Tuesday, September 6, 2011

A year of extreme weather events

Useful but hard-to-face list published today in the Guardian:

A year of US disasters – 2011 so far

• Hurricane Irene, August 20-29. Over $7bn and around 50 deaths.

• Upper Midwest flooding. The Missouri and Souris rivers overflowed in Montana, North Dakota, South Dakota, Nebraska, Iowa, Kansas and Missouri. Damages: $2bn.

• Mississippi river flooding, spring and summer. Damages neared $4bn.

• Drought and heatwave in Texas, Oklahoma. Over $5bn.

• Tornadoes in midwest and south-east in May kill 177 and cost more than $7bn in losses.

• Tornadoes in the Ohio Valley, south-east and midwest on April devastate the city of Tuscaloosa, kill 32 and cause more than $9bn in damages.

• Tornadoes hit from Oklahoma to Pennsylvania 14–16 April. Toll: $2bn in damages.

• 59 tornadoes in midwest and north-east April 8-11. Damages: $2.2bn.

• 46 tornadoes in central and southern states 4 and 5 April. Toll: $2.3bn in damages.

• Blizzard late January paralyse cities from Chicago to the north-east. Toll: 36 deaths and more than $2bn in damages.

Of course, all this was carefully predicted.
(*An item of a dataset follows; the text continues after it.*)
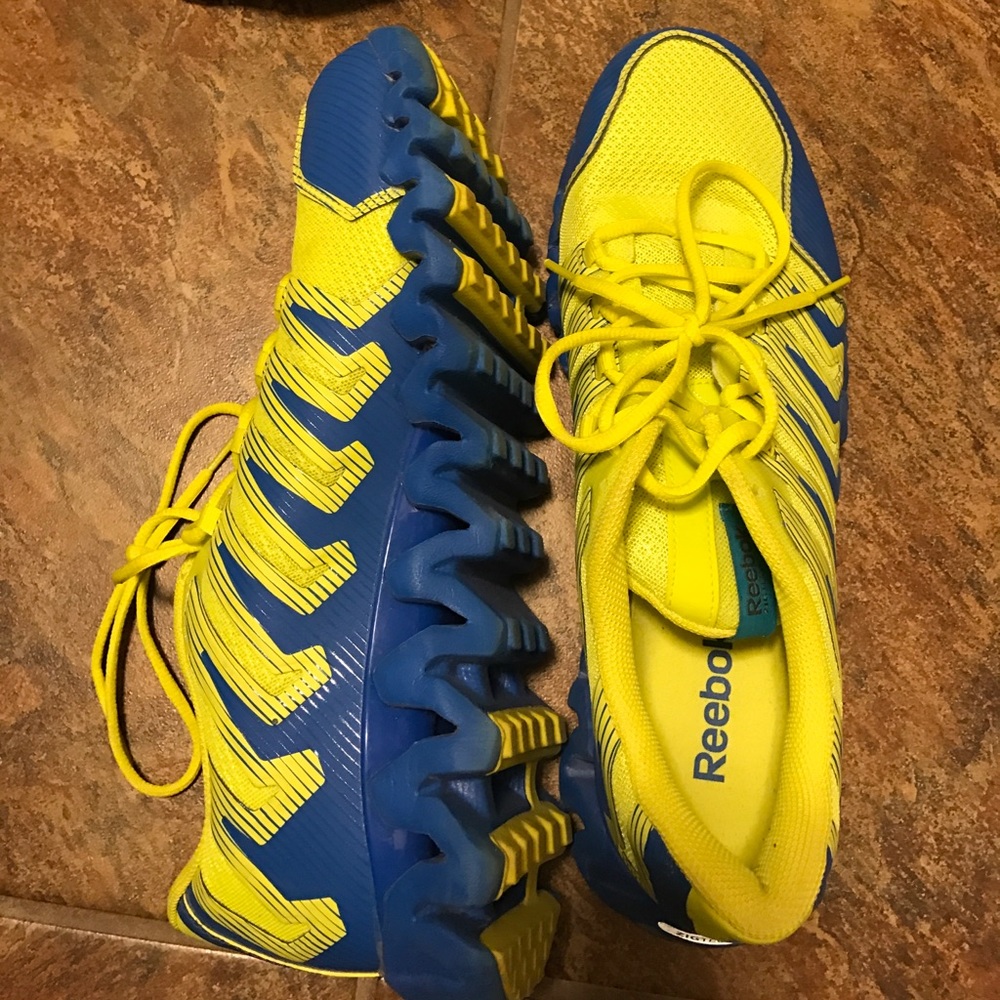 Men's reebok zigtech tennis shoes.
See the table on page eight of the 2007 IPPC FAR Summary for Policymakers.


And the 2006 Stern Review stated that we should invest about 1% of GDP per annum now in measures to control emissions to avoid much larger GDP reductions of 5 to 20 percent per annum later in the century.

How much longer before we all come to our senses?